In the bottom of the eighth, with the Astros down 5-3, Springer was batting with Kyle Tucker on second and one out. He sent a breaking ball from Daniel Hudson deep, deep, deep to right-center field but . . . it was not deep enough. It rattled off the wall. Springer ended up with a double.

Except, he probably has a triple if, rather than crow-hop out of the box and watch what he thought would be a home run, he had busted it out of the box. Watch:

After that José Altuve flied out. Maybe it would’ve been deep enough to score Springer form third, tying the game, maybe it wouldn’t have, but Springer being on second mooted the matter.

After the game, Springer defended himself by saying that he had to hold up because the runner on second had to hold up to make sure the ball wasn’t caught before advancing. That’s sort of laughable, though, because Springer was clearly watching what he thought was a big blast, not prudently gauging the pace of his gait so as not to pass a runner on the base paths. He, like Ronald Acuña Jr. in Game 1 of the NLDS, was admiring what he thought was a longball but wasn’t. Acuña, by the way, like Springer, also hit a big home run in his team’s losing Game 1 cause, so the situations were basically identical.

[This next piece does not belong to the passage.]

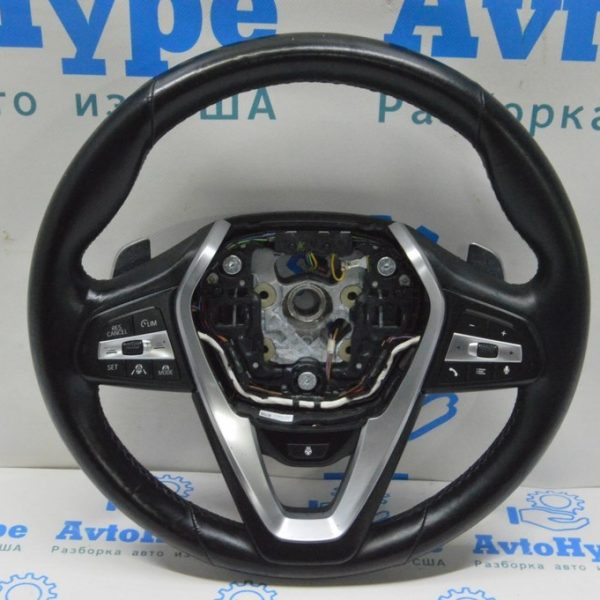 Руль (голый) BMW X5 G05 19-24 кожа черная под лепестки с подогревом, Sport (01) 32 30 7944547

Also identical, I suspect, is that both Acuña and Springer’s admiring of their blasts was partially inspired by the notion that, in the regular season, those balls were gone and were not in October because of the very obviously different, and deader, baseball MLB has put into use. It does not defend them not running hard, but it probably explains why they thought they had homers.

Either way: a lot of the baseball world called out Acuña for his lack of hustle in that game against the Cardinals. I can’t really see how Springer shouldn’t be subjected to the same treatment here.